Thursday, April 2, 2009

Former AIG CEO Hank Greenberg's Testimony Doesn't Pass The Smell Test

There's an odor that's more than a little rotten around former AIG CEO Maurice "Hank" Greenberg's congressional testimony. Mr. Greenberg stated that his leadership team had "nothing to do" with the company's failures. He added, "When I left the company, it was a healthy company.” Really?

In the fall of 2004 I interviewed for a position with American Financial Group. Here is what Mr. Greenberg has to say about AFG at the time and what the MSNBC article has to say about their business:
“AIG’s business model did not fail; its management did,” Greenberg said. He went on to criticize their handling of the financial products division, which he said “functioned quite well” under his leadership.

That division wrote the notorious credit-default swaps that have forced the company to pay more than $50 billion to U.S. and foreign banks.

AFG was the division now blamed for the catastrophic losses and near failure of the company that led to the huge government bailouts. According to Mr.Greenberg all was well in March, 2005 when he left and all the problems came later. Funny, that isn't what I remember.

The AFG position required me to move to Cincinnati, something I had doubts about doing particularly for a contract position. The job was a 90 day contract-to-hire position and the interviewers did all they could to reassure me that the permanent position was mine so long as I did a good job for them. I was repeatedly told that AIG has never had any layoffs during the company's 176 year history. That was a major selling point and it helped crystallize my decision to join AFG.

Fast forward three months after I moved to Cincinnati and started on the job. My manager informed me that my contract was going to be extended. Bringing me on board permanently was delayed, I was told, by internal politics. They wanted to keep me as a contractor until the issues could be resolved and then I could be hired permanently. I had all the normal benefits including health insurance through the consulting firm I was working for so I had no problem with this and I continued as a contractor.

In March, 2005, the same month Mr. Greenberg left AIG, the first layoffs in the company's history were announced. There were reports of financial troubles and losses even then. Someone from another group which was being closed, an AIG employee, was going to fill my spot as a Linux/UNIX Systems Administrator. I was told I would not be hired after all. This was after I had moved to and lived in Cincinnati for five months. The consulting firm I was working for placed me with Red Hat so things worked out OK for me, but... AIG was strong and profitable in March, 2005 according to Mr. Greenberg. If so, why the layoffs? Why the reported losses and financial problems at the time?

Rep. Elijah Cummings (D-MD) has his own doubts about Mr. Greenberg's testimony:
"I'm convinced that the systemic problems at AIG go far deeper than mistakes made in the four years since you left the company," Cummings said. "What you failed to mention was that a good portion of those risky (bets) were written" before Greenberg's 2005 departure.
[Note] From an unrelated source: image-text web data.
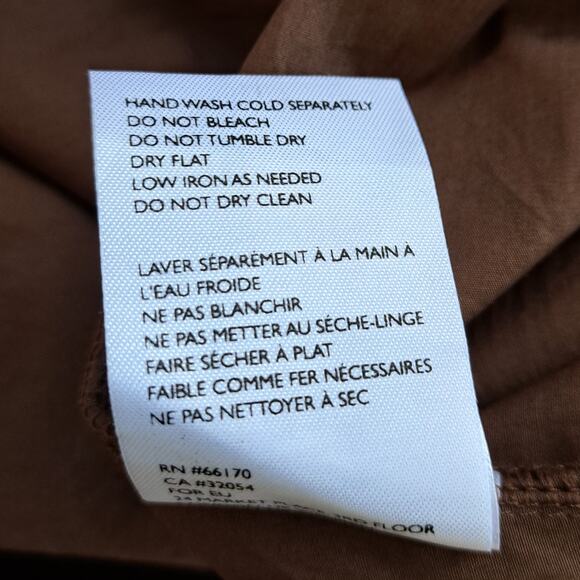 Faithfull the Brand Brown Midi Dress - Picture 13 of 13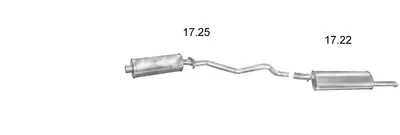 EDEX Abgasanlage 1255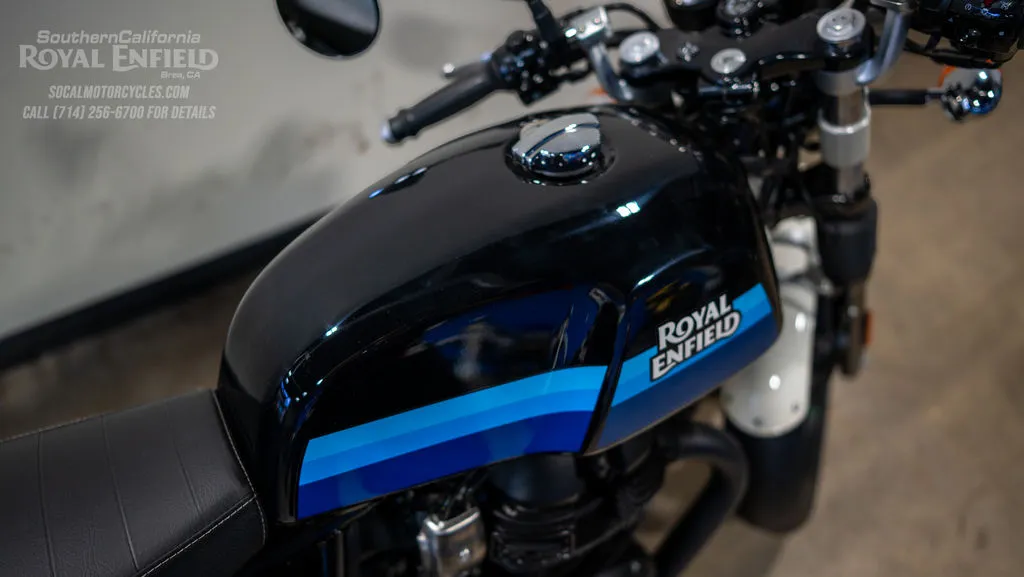2024 Royal Enfield Continental GT 650 in Slipstream Blue, photo 3 of 10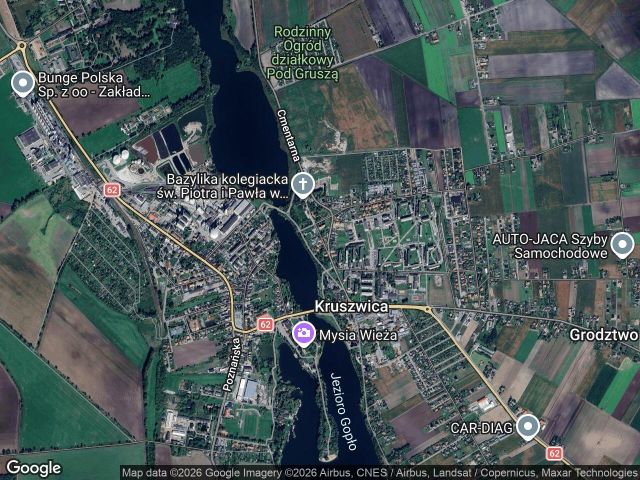 Mieszkanie 1-pokojowe Kruszwica, ul. Kolegiacka. Zdjęcie 1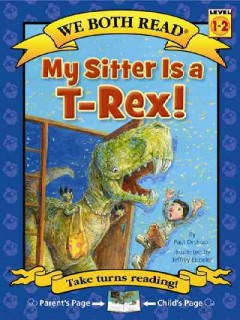 My sitter is a T-Rex!  Cover Image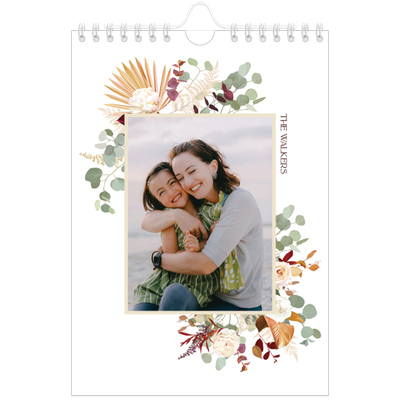 A5 Photo Calendar — Boho [cover]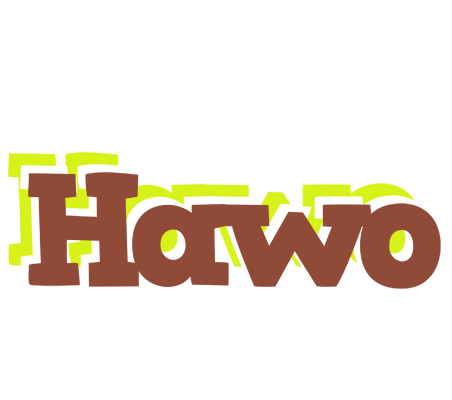 Hawo caffeebar logo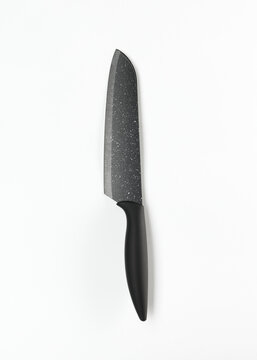 kitchen knives on a white background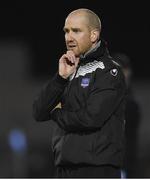 20 October 2017; Galway United manager Shane Keegan during the SSE Airtricity League Premier Division match between Limerick FC and Galway United at Market's Field in Limerick. Photo by Matt Browne/Sportsfile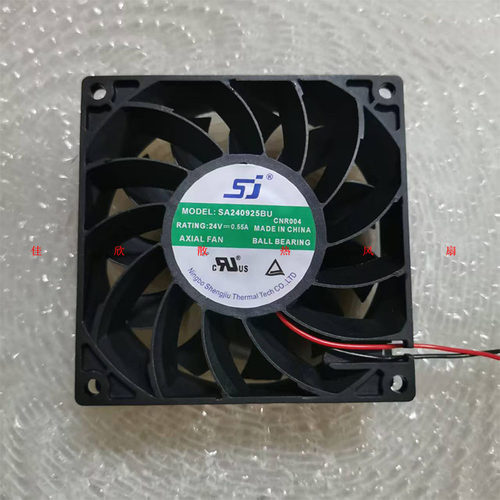 SA240925BU 全新原装SJ风机 9025 9CM 24V 0.55A 变频器散热风扇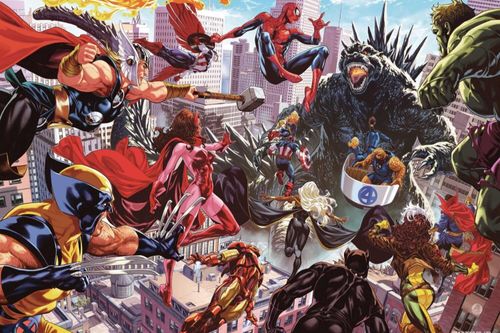 'Godzilla phá hủy vũ trụ Marvel' sẽ có vào hè này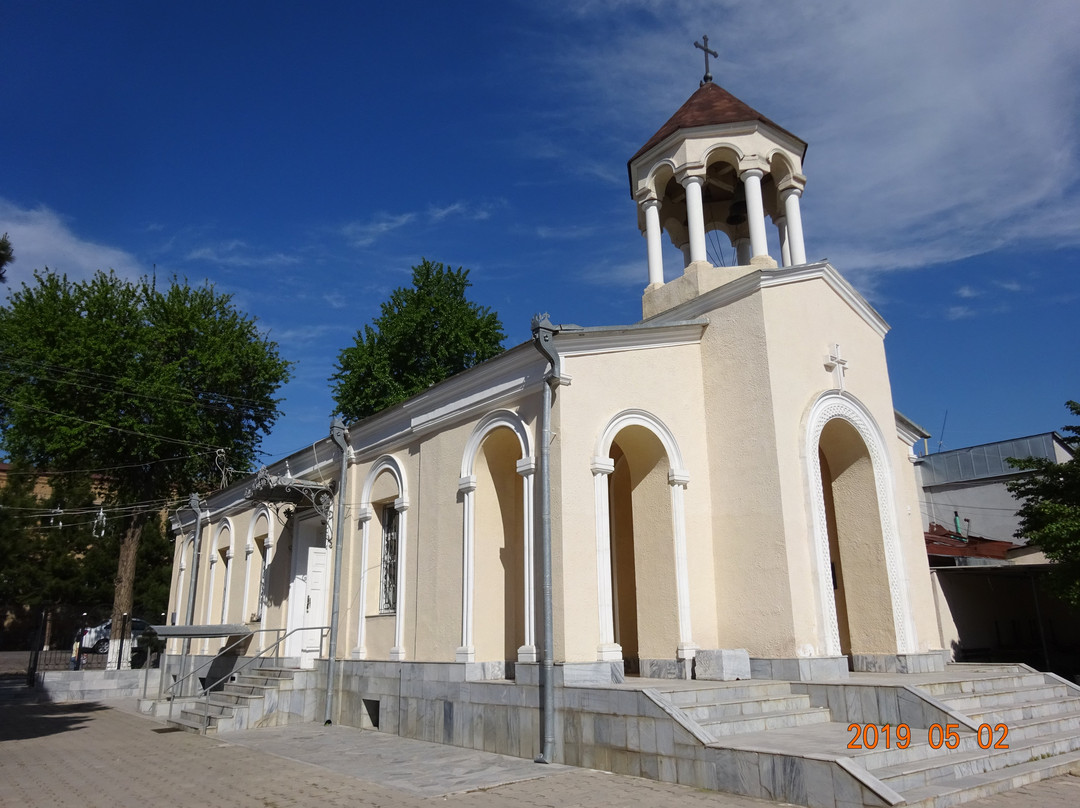 Armenian Apostolic Church-撒马尔罕必去景点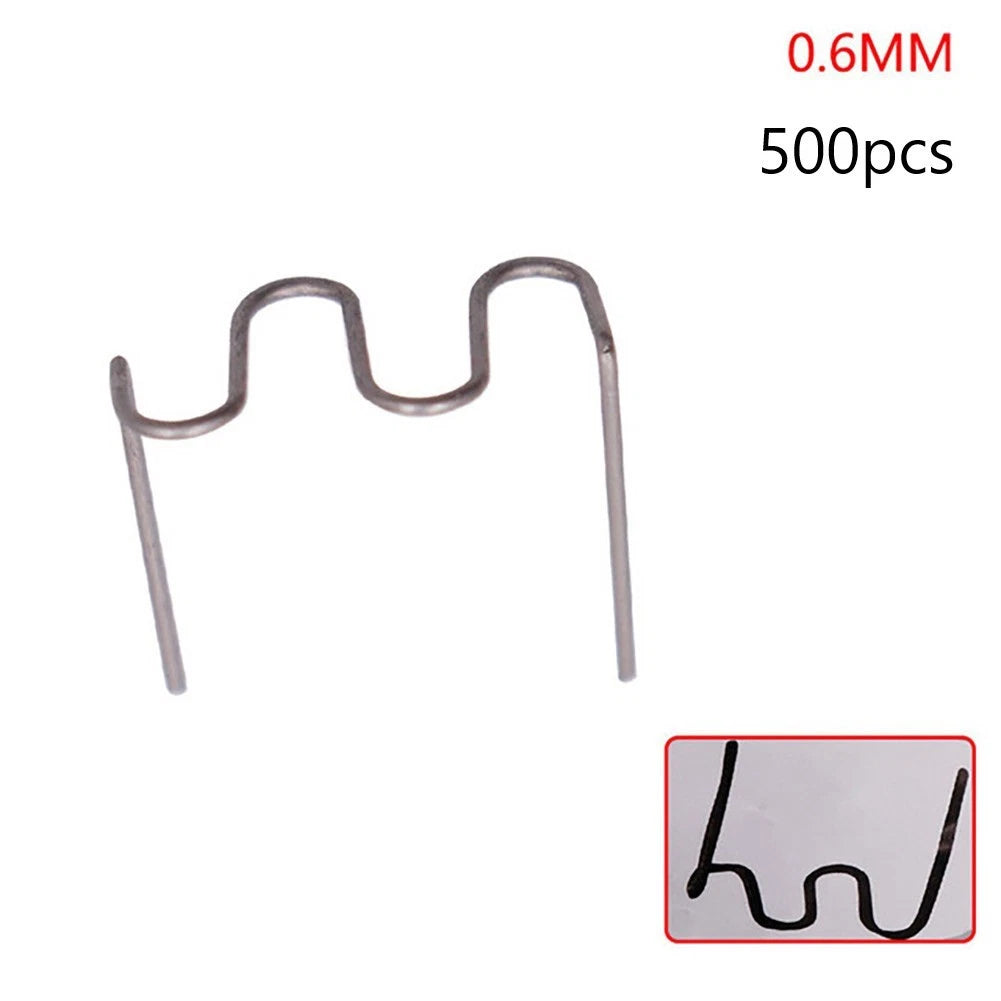 500 PCS Wave Staples for Home Outdoor Use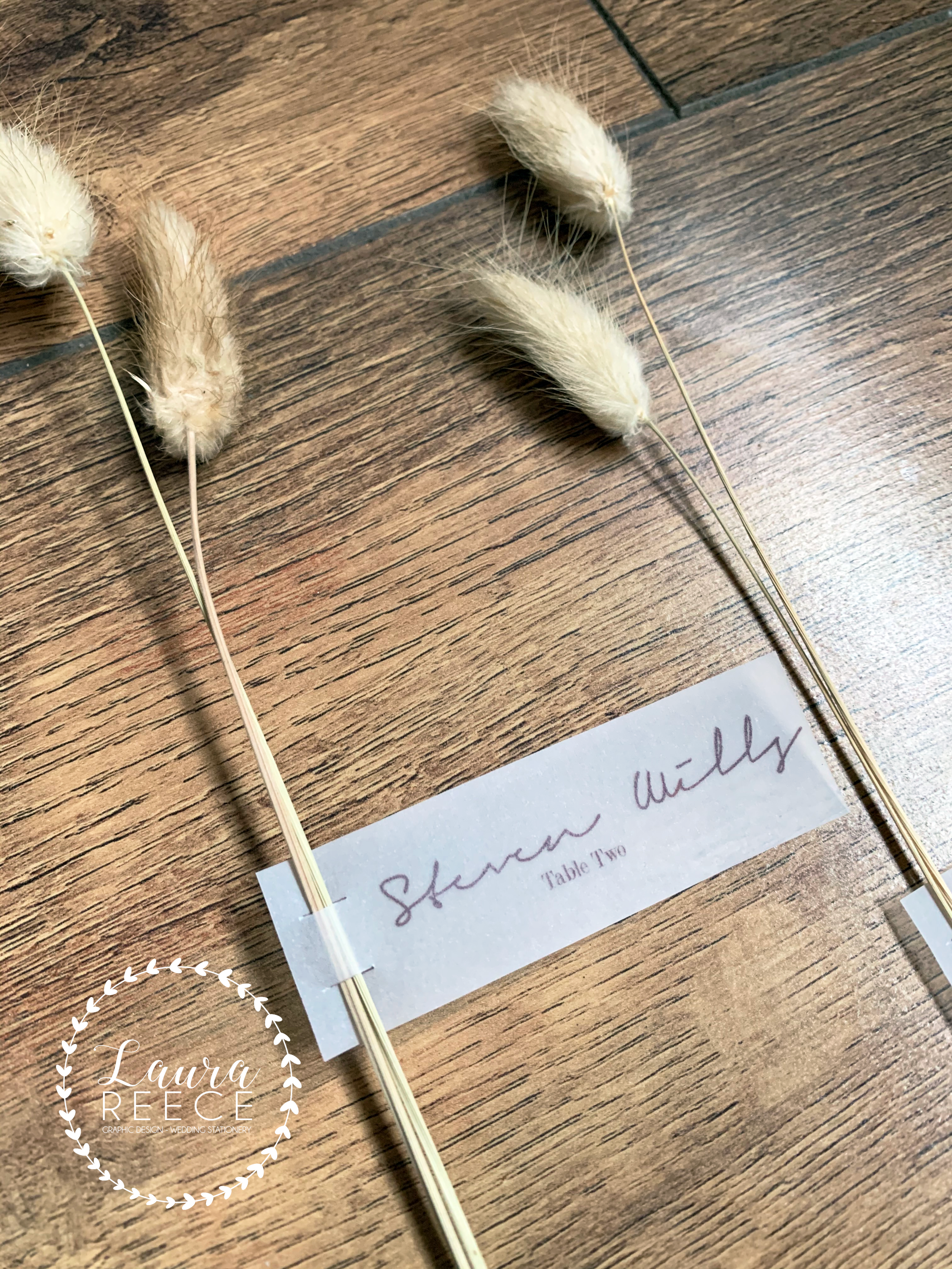 BUNNY TAIL PLACE NAMES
Cummings asked multiple times how many of the credit-default swaps were written while Greenberg was in charge.

"The amount we wrote was for European banks," Greenberg replied. "As far as I know, there was never a loss on any of that."

Hmmm... I certainly had no access to AFG's books or to the particulars about the financial problems that raised alarm bells and forced layoffs in March, 2005 so I can't say if Mr. Greenberg was truthful in his response or not. I, like Rep. Cummings, have my doubts. "As far as I know..." is a hole you can drive a Mack truck through. Those are the kind of weasel words that guarantee that Mr. Greenberg isn't lying or perjuring himself even if his account isn't exactly accurate.

As I've already noted I have and had no access to the company's finances now or then. I do know for a fact that things weren't nearly as rosy as the picture that Mr. Greenberg paints.